You might not be aware that the Starbucks drink—much like McDonald’s storied Shamrock Shake—is basically a pop culture phenom in its own right at this point, only being sold for a short window every year. When it first hits the menu at the start of the season, the crowd goes wild, but while the rest of the caffeinated world is cheering, I feel like this is a good time to get a heavy weight off my chest: I don’t like Pumpkin Spice Lattes.
They’re too sweet for me, they take too long to make and (yes, as others have pointed out) they kinda are the definition of being a basic bitch.
To be clear, I’m a legit Starbucks fan: Venti Iced Americanos?
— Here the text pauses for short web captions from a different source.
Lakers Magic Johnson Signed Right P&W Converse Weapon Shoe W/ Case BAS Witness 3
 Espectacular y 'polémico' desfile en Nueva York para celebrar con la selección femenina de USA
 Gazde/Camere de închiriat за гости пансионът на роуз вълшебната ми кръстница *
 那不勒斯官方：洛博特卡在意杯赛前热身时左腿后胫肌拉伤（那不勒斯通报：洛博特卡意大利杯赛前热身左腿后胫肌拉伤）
Them’s my jam. Grande iced green tea unsweetened, shaken with soy milk? My afternoon treat of choice. The turkey and havarti sandwich? Best on-the-go lunch to be found. However, as much I applaud Starbuck’s tremendous marketing savvy, I just can’t get behind the PSL.
I’ve given it a few college tries, the first at the behest of a former colleague who very literally shrieked when I told her I’d never had one. She insisted we leave work to get matching lattes and rolled her eyes when I sipped mine and made a “meh” face.
The second time was a few older, wiser years later. I was craving something sweet and thought maybe I’d unfairly judged the drink that makes the world rejoice. Plus, I was writing a lot about pop culture at that time and really wanted to be part of the zeitgeist. Nope, still didn’t love it. I found it to be syrupy, artificial-tasting and downright cloying.
And not to the be bearer of (somewhat obvious) bad news, but it turns out, it is pretty artificial: Health blog Eat Real Food emailed Starbucks to find out what’s exactly in the PSL and there are some unpleasant additives involved. I’m no health nut, but I think I’d rather get my chemicals the good old fashion way: with McDonald’s chicken nuggets or a bottle of blue Gatorade.
So anyway, I’m not judging you for loving Pumpkin Spice Lattes, but don’t roll your eyes at me when I tell you I’d rather not drink one 9:00 a.m.. Catch me ordering my regular grande Pike Place instead.